REQUIRED ACTION:
What follows is a set of records. Copy them exactly and leave out the images.
=== DATA LISTING ===
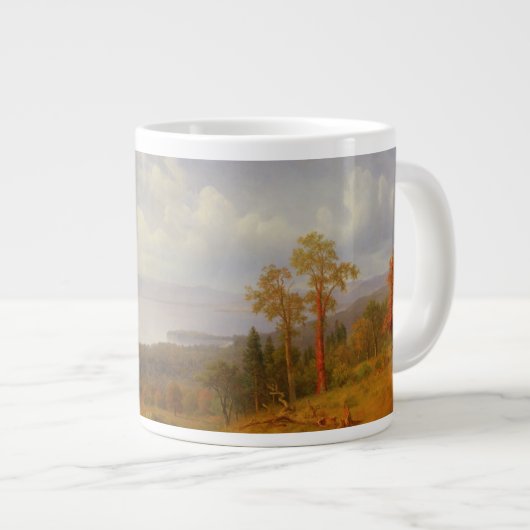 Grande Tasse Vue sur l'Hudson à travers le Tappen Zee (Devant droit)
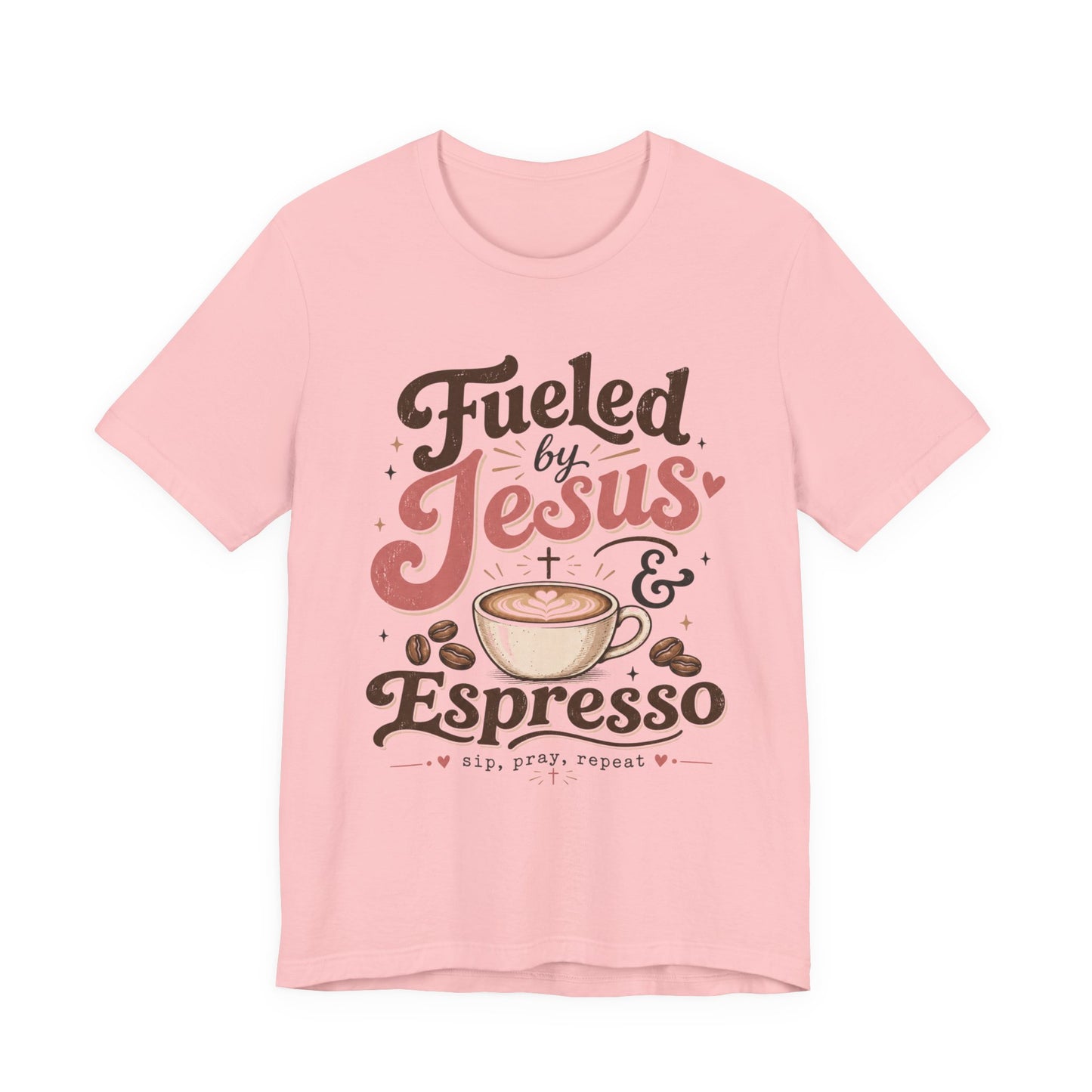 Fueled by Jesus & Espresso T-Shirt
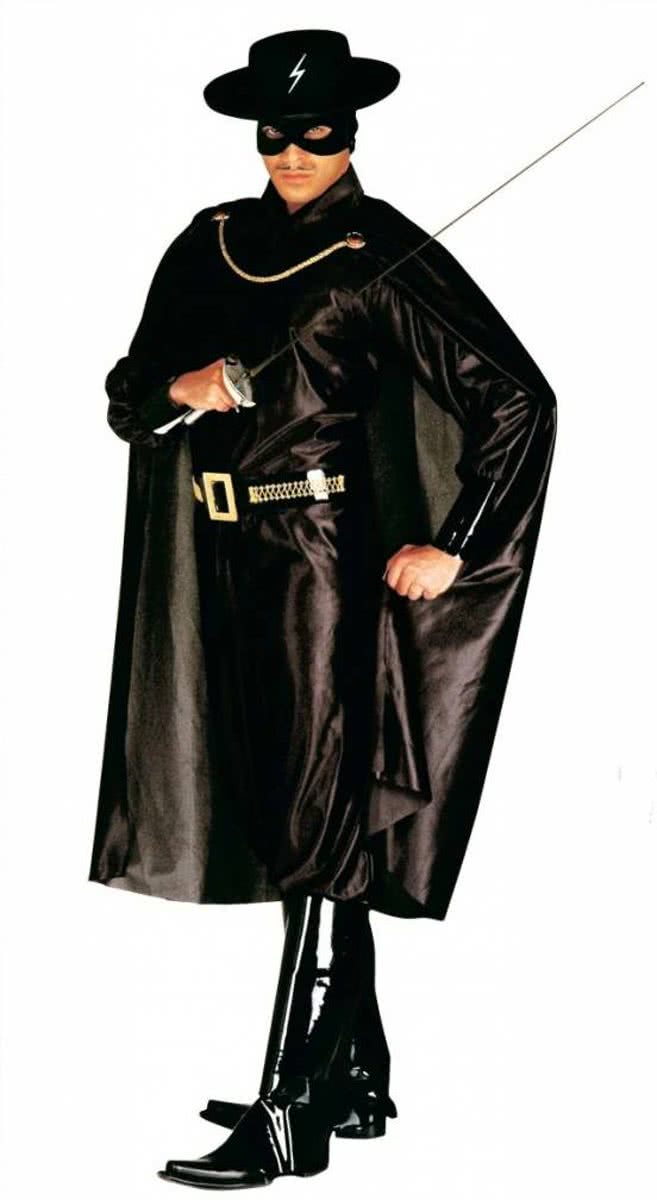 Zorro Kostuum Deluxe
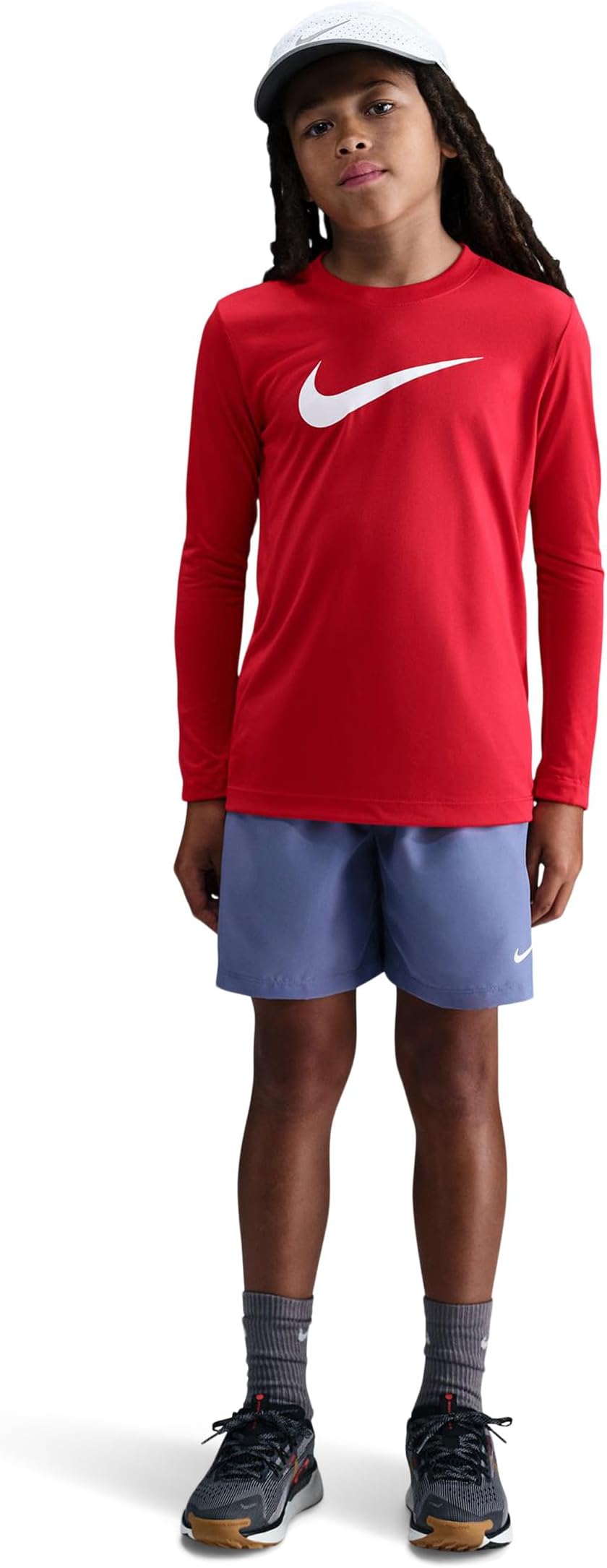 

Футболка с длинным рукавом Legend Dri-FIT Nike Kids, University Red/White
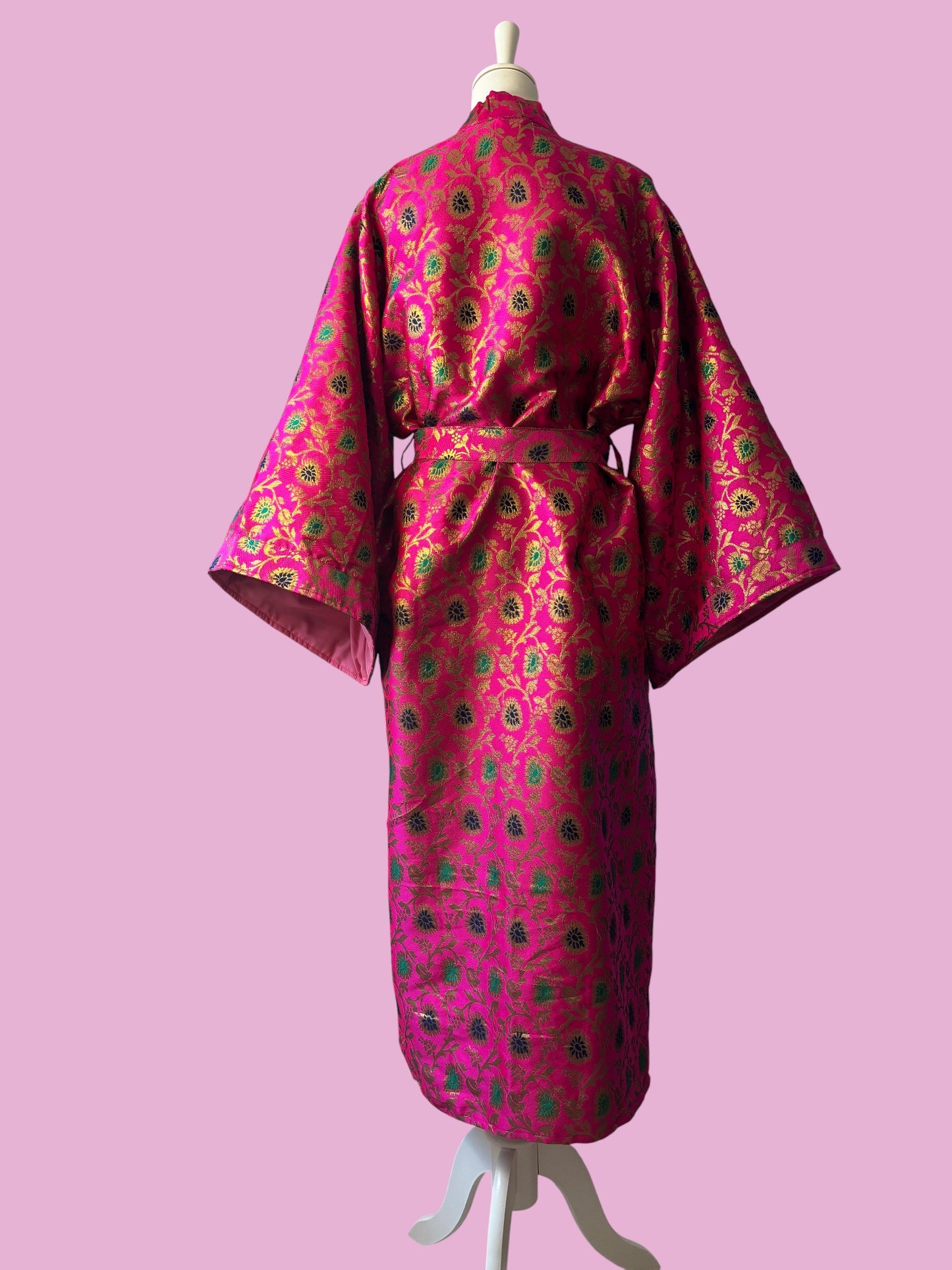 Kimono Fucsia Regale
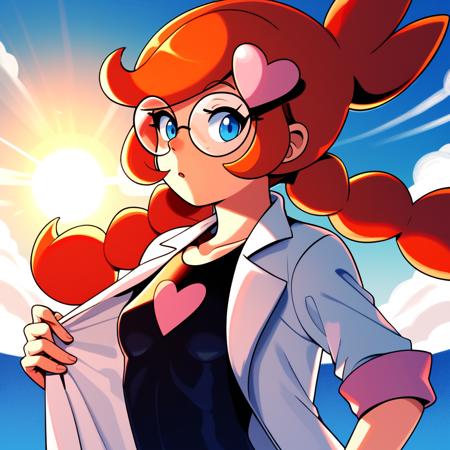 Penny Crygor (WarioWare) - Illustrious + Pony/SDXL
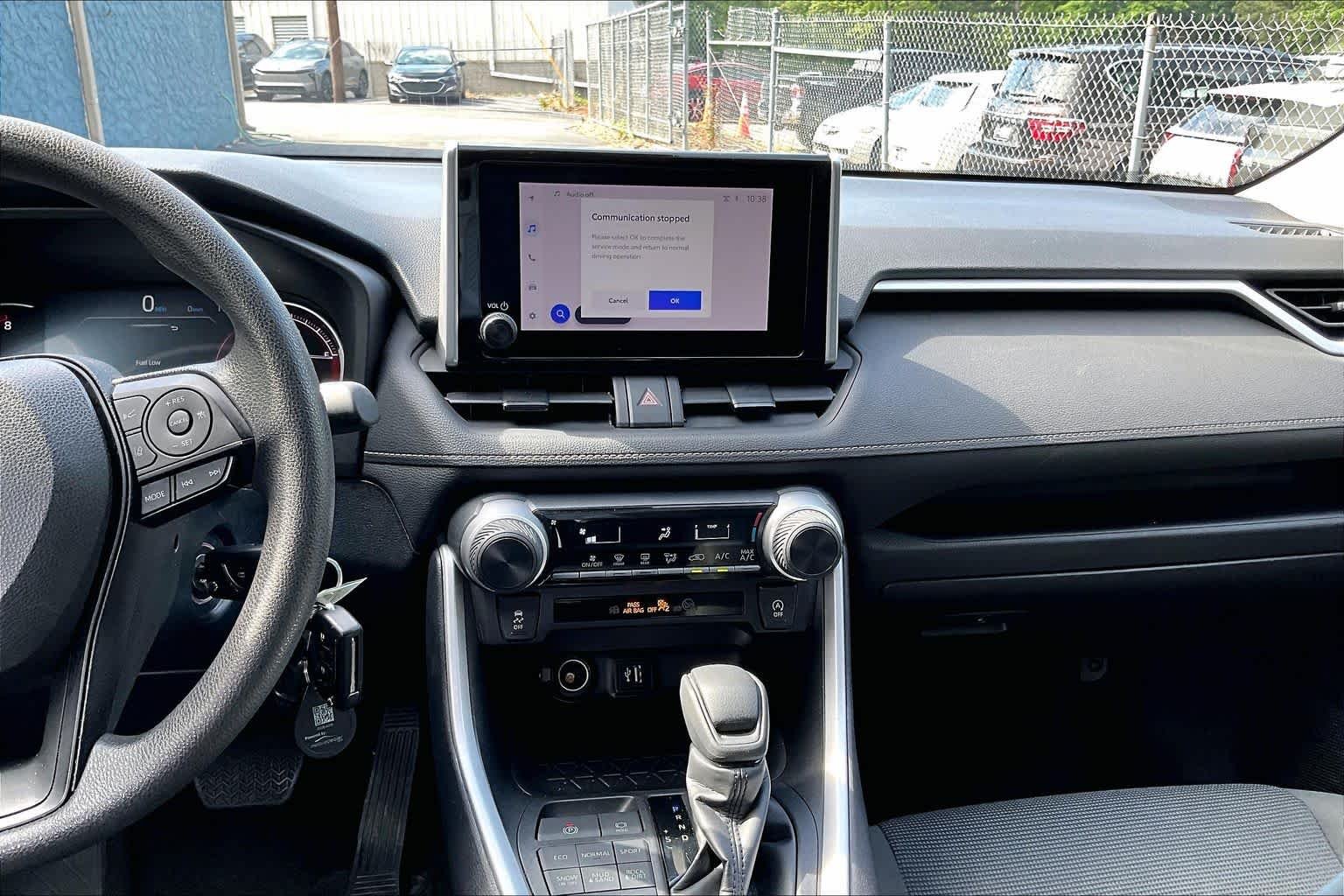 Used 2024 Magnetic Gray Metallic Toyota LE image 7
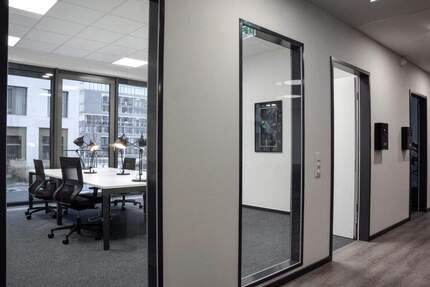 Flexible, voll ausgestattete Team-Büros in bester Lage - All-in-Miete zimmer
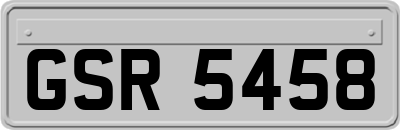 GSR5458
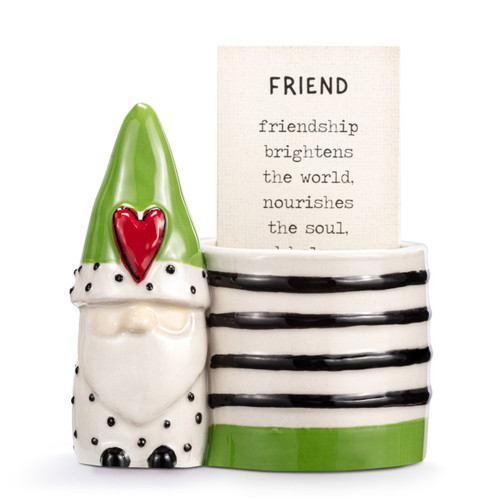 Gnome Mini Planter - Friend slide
===
RESULT FOR THIS TASK:
 Grande Tasse Vue sur l'Hudson à travers le Tappen Zee (Devant droit)
 Fueled by Jesus & Espresso T-Shirt
 Zorro Kostuum Deluxe

Футболка с длинным рукавом Legend Dri-FIT Nike Kids, University Red/White
 Kimono Fucsia Regale
 Penny Crygor (WarioWare) - Illustrious + Pony/SDXL
 Used 2024 Magnetic Gray Metallic Toyota LE image 7
 Flexible, voll ausgestattete Team-Büros in bester Lage - All-in-Miete zimmer
 GSR5458
 Gnome Mini Planter - Friend slide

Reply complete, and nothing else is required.